┌──
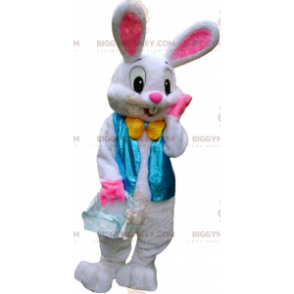 BIGGYMONKEY™ Mascot Costume White and Pink Bunny with Blue Vest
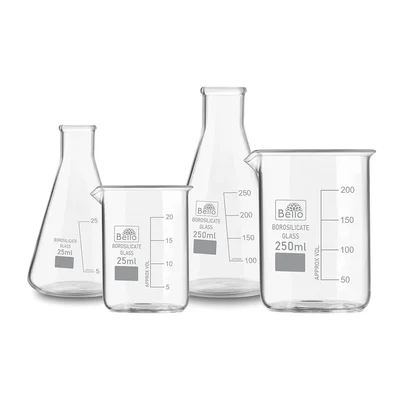 Bello (2pcs x 250ml), (2pcs x 25ml) Beakers and Conical Flasks with Graduation Marks, 3.3 Borosilicate Glass Material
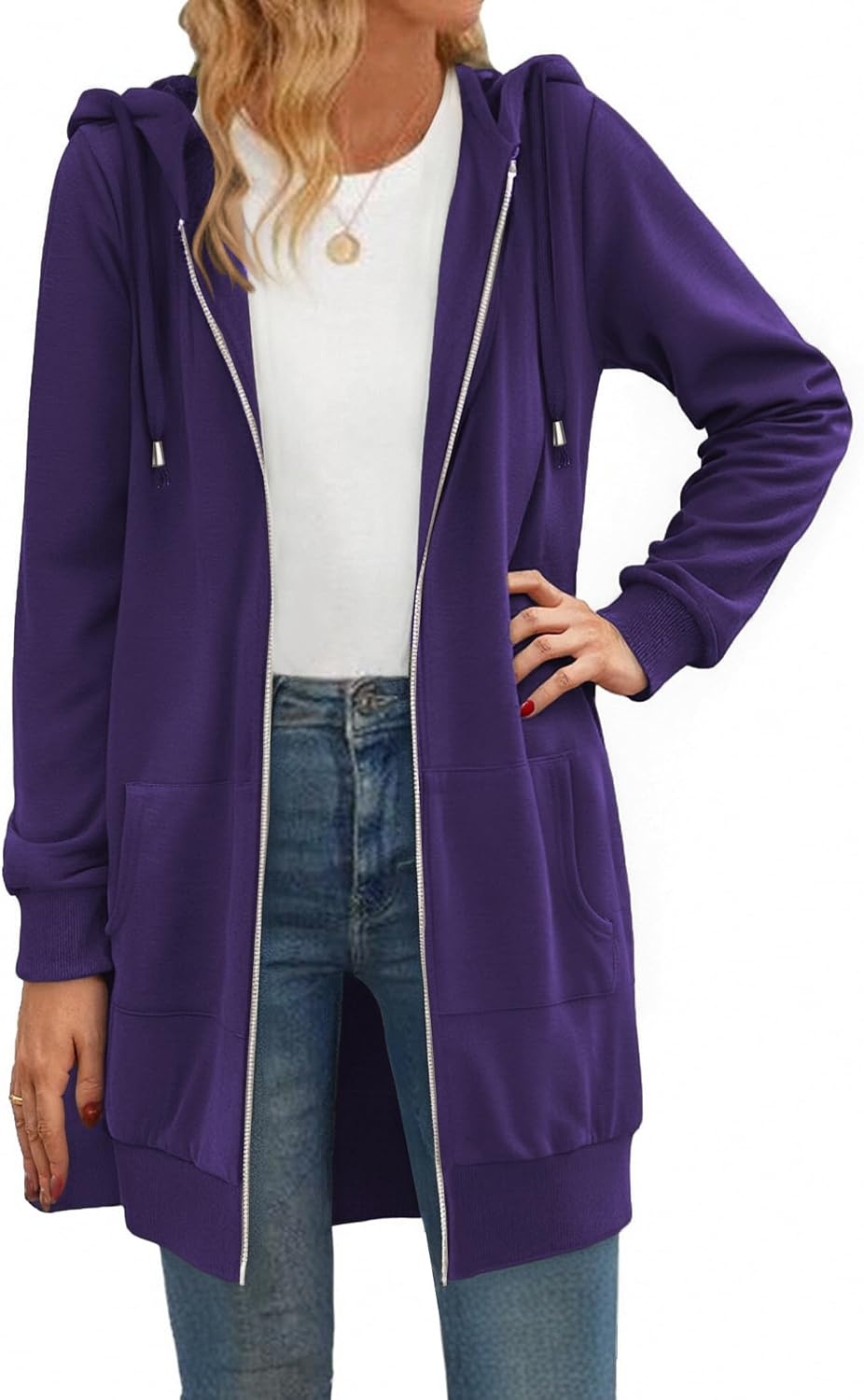 image:imageZeagoo Womens Zip Up Hoodies Long Tunic Sweatshirts Oversized Fleece Casual Long Sleeve 2026 Fall Hoodie Jacket CoatPurple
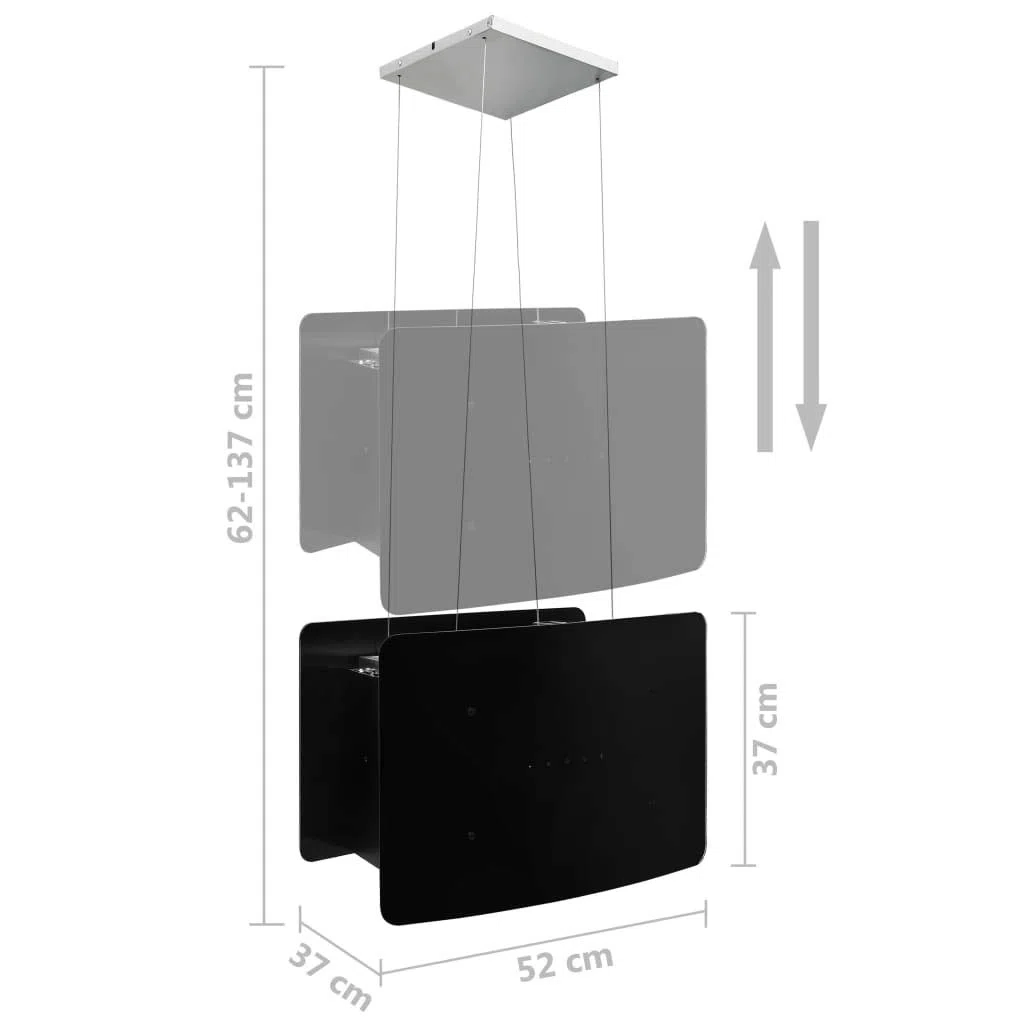 Festnight Cappa da Cucina ad Isola Sospesa LCD Sensore in Vetro Temperato Cappa Cucina Isola 37 cm Cappe Aspirante 756 m³/h 3 Livelli di Potenza Colore Nero
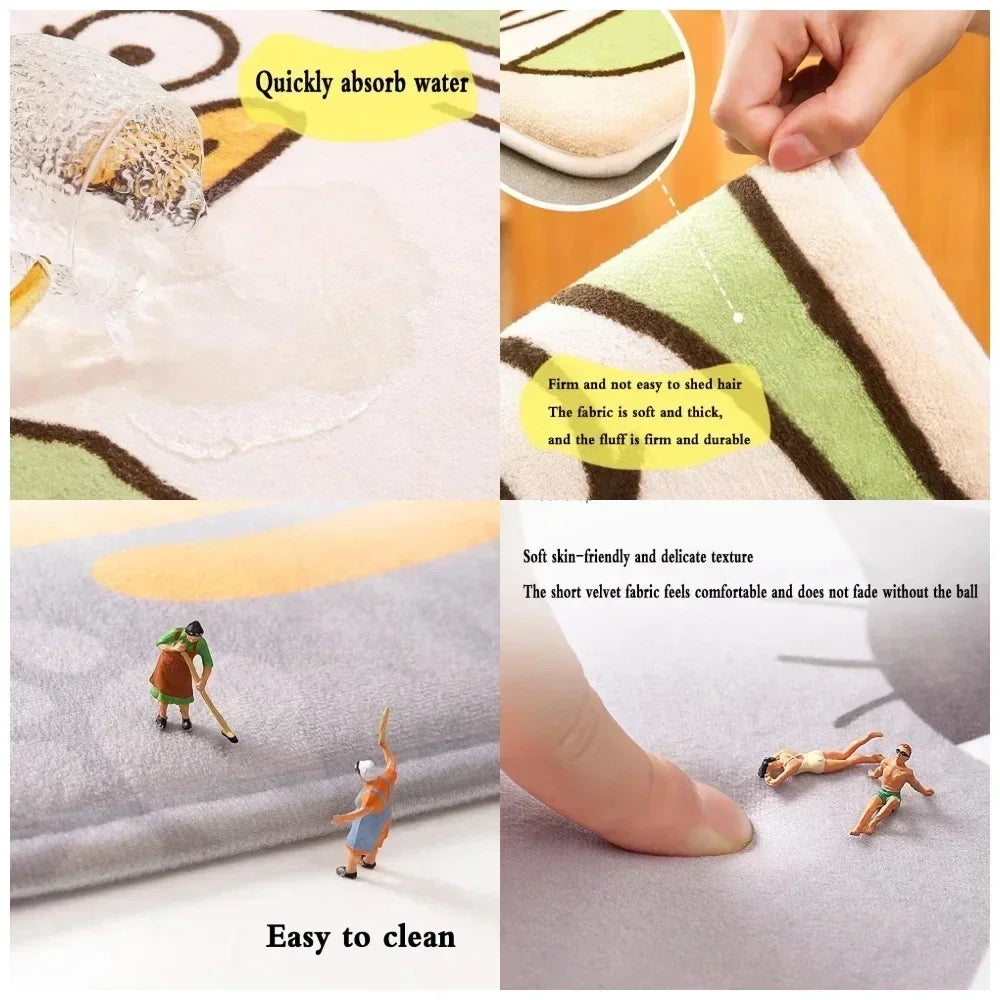 Turtle Bathroom Anti Slip Floor Mat Household Absorbent Foot Mat Mat Bathroom Small Carpet Soft and Comfortable Home Decorative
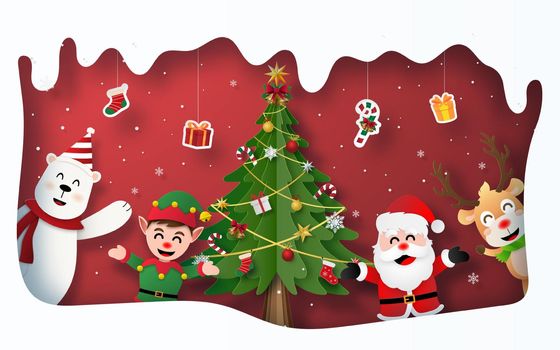 Origami paper art style, Christmas party with Santa Claus and Christmas tree and character in Snow frame, Merry Christmas and Happy New Year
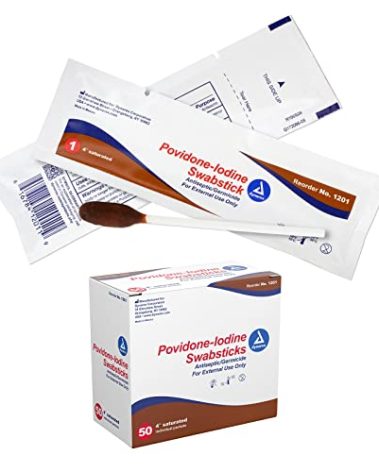 Dynarex Povidone Iodine Swabsticks, Swabstick Packaged in Individual Foil Pack, Antiseptic for Skin Preparation, Brown, 1 Box of 50 Povidone Iodine Swabsticks
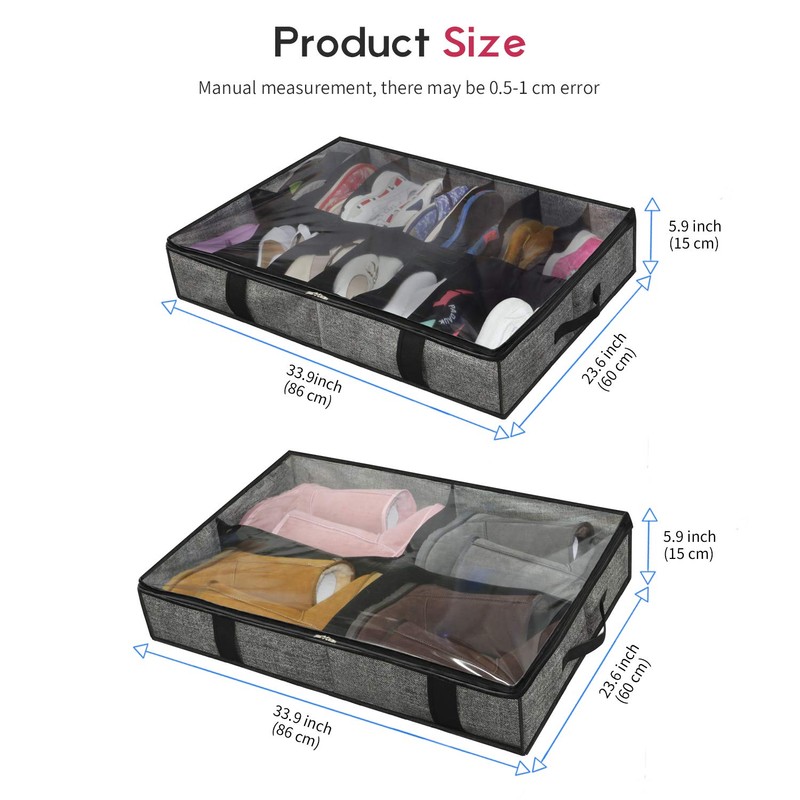 Onlyeasy Under Bed Shoes Storage Bag Organizer for Closet -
└──
**TASK ITEM:**
Without any pictures, return the material above exactly.

**TASK OUTPUT:**
 BIGGYMONKEY™ Mascot Costume White and Pink Bunny with Blue Vest
 Bello (2pcs x 250ml), (2pcs x 25ml) Beakers and Conical Flasks with Graduation Marks, 3.3 Borosilicate Glass Material
 image:imageZeagoo Womens Zip Up Hoodies Long Tunic Sweatshirts Oversized Fleece Casual Long Sleeve 2026 Fall Hoodie Jacket CoatPurple
 Festnight Cappa da Cucina ad Isola Sospesa LCD Sensore in Vetro Temperato Cappa Cucina Isola 37 cm Cappe Aspirante 756 m³/h 3 Livelli di Potenza Colore Nero
 Turtle Bathroom Anti Slip Floor Mat Household Absorbent Foot Mat Mat Bathroom Small Carpet Soft and Comfortable Home Decorative
 Origami paper art style, Christmas party with Santa Claus and Christmas tree and character in Snow frame, Merry Christmas and Happy New Year
 Dynarex Povidone Iodine Swabsticks, Swabstick Packaged in Individual Foil Pack, Antiseptic for Skin Preparation, Brown, 1 Box of 50 Povidone Iodine Swabsticks
 Onlyeasy Under Bed Shoes Storage Bag Organizer for Closet -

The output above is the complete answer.